• _Materials provided_
=== Section Start ===
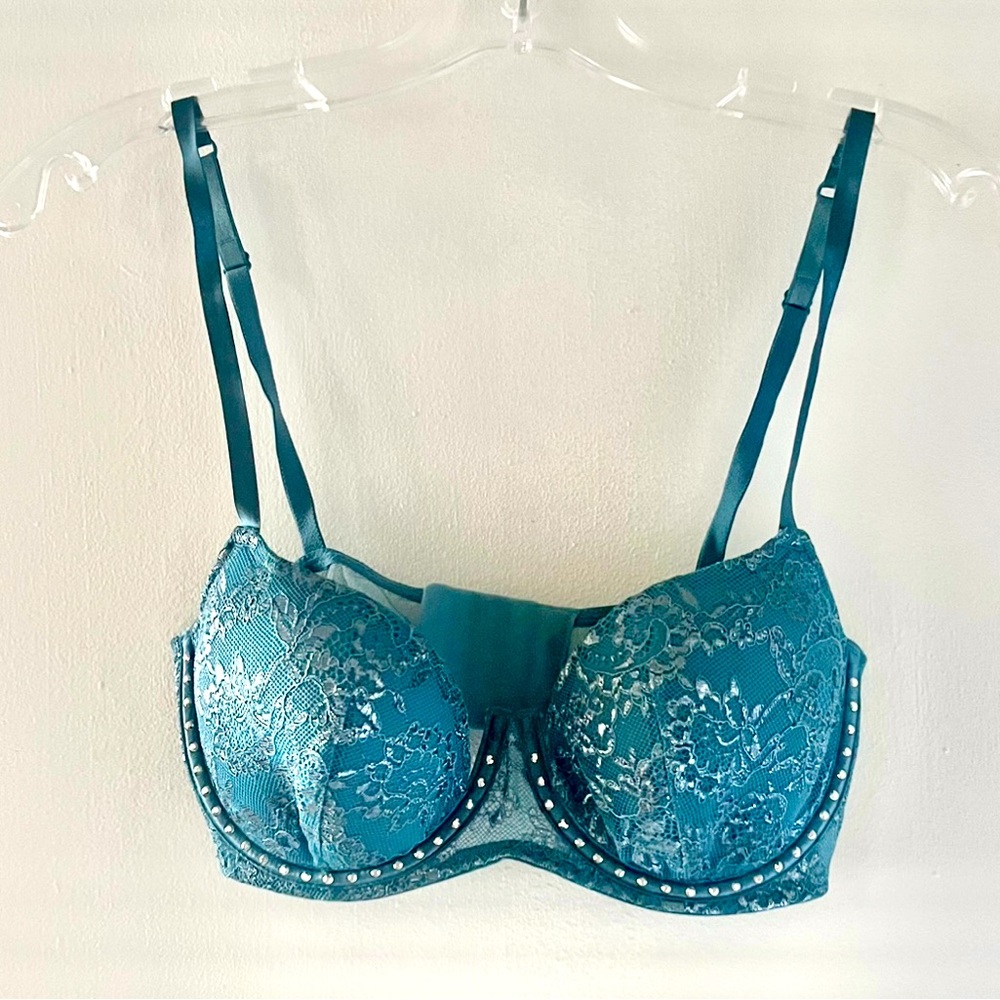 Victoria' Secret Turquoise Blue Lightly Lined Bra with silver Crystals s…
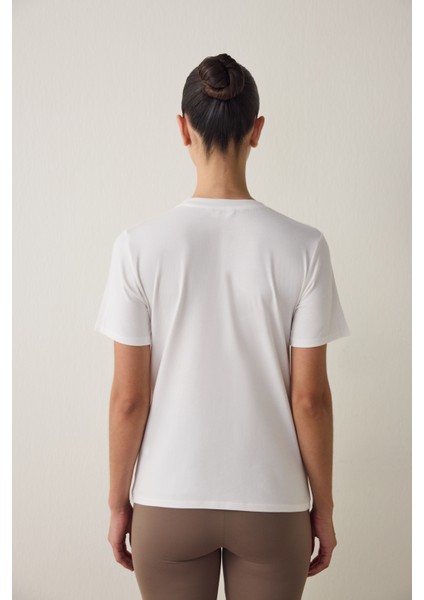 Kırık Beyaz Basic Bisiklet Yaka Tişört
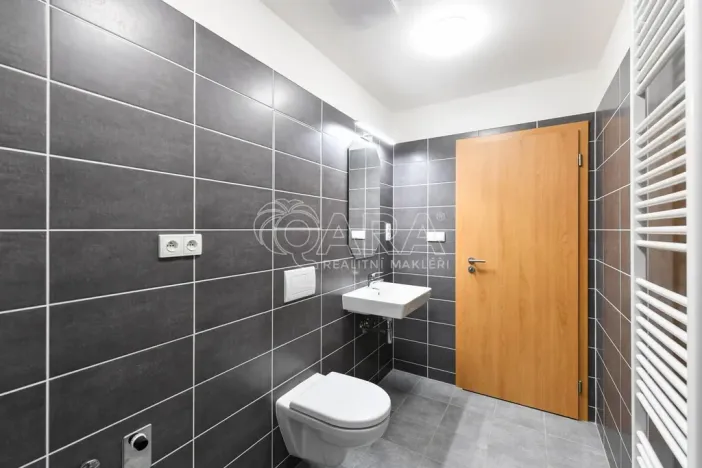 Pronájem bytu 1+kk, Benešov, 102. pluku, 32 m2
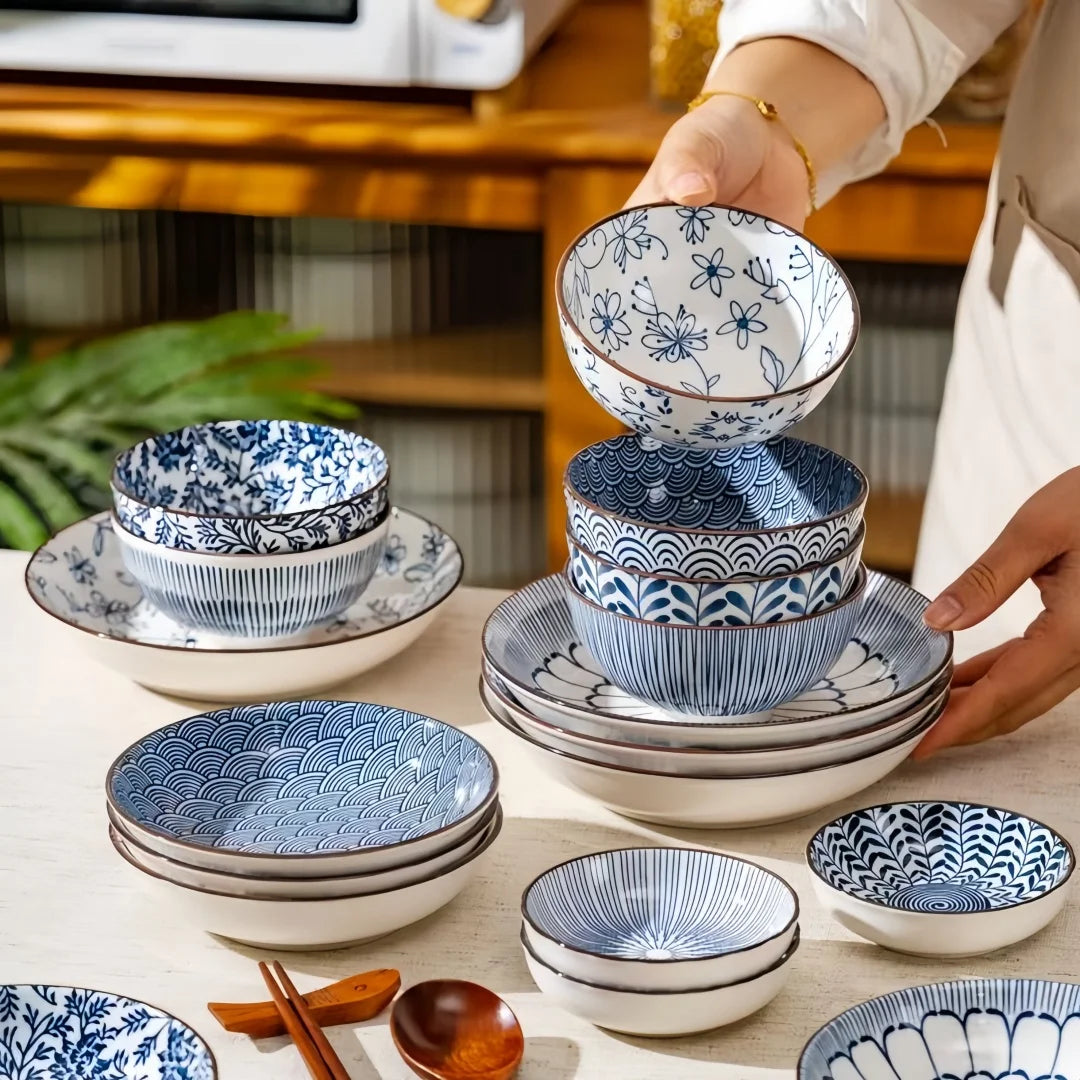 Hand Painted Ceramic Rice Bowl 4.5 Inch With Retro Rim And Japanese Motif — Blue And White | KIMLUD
=== Section End ===
=== Section Start ===
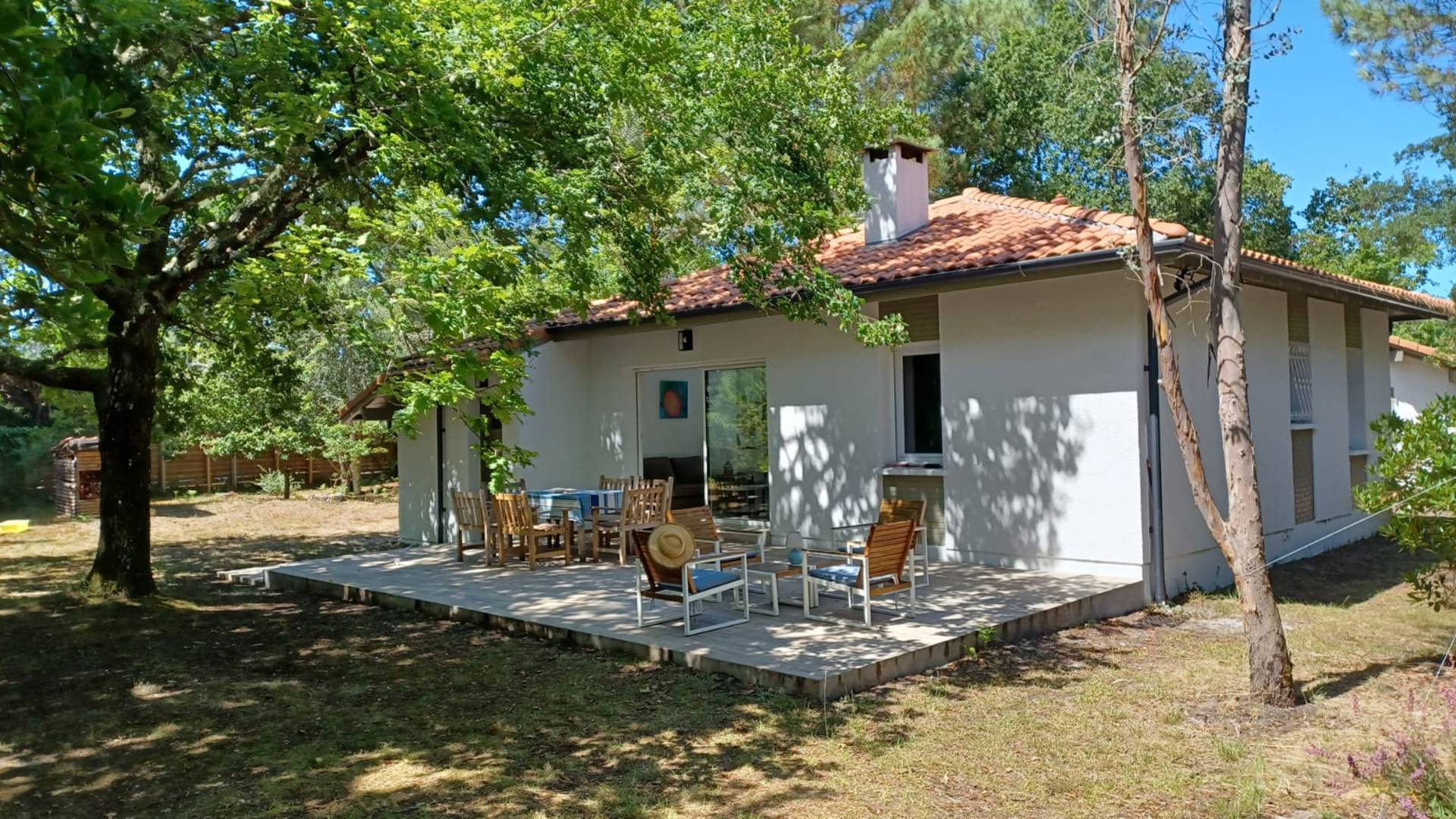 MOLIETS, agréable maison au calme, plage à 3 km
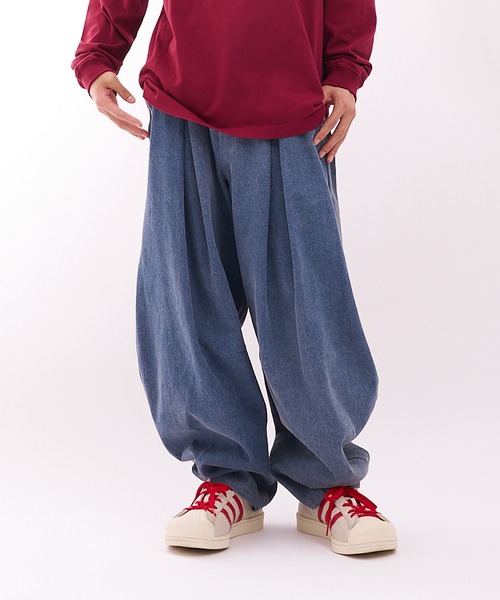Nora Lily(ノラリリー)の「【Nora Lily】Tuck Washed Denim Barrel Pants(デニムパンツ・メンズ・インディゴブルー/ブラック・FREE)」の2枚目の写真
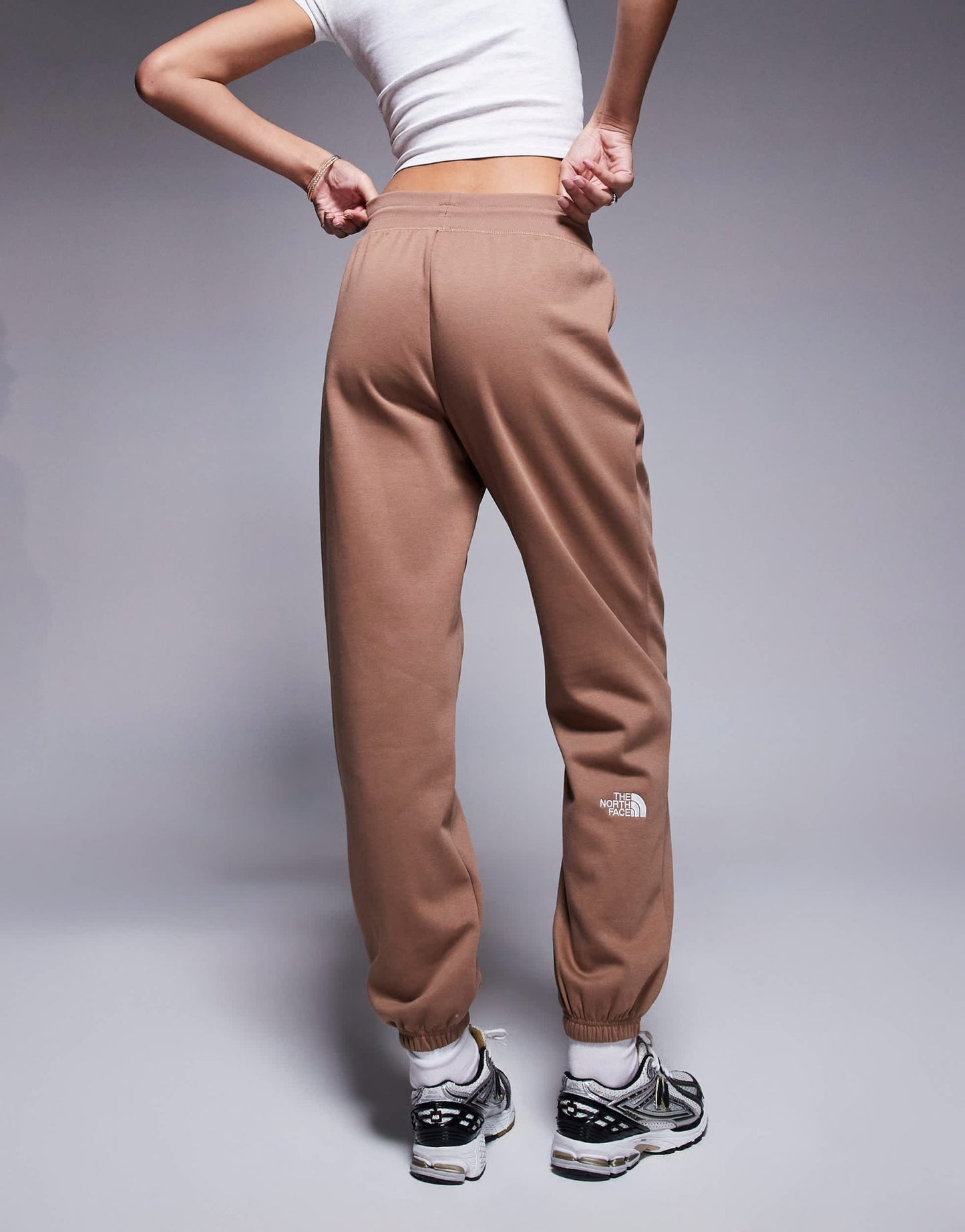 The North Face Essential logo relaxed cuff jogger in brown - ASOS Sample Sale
=== Section End ===
Would you please repeat only the lines above, beginning at the one that has "Pronájem bytu 1+kk, Benešov, 102." and stopping after the one that has "Hand Painted Ceramic", exactly and with no pictures?

• _Finished exercise_
 Pronájem bytu 1+kk, Benešov, 102. pluku, 32 m2
 Hand Painted Ceramic Rice Bowl 4.5 Inch With Retro Rim And Japanese Motif — Blue And White | KIMLUD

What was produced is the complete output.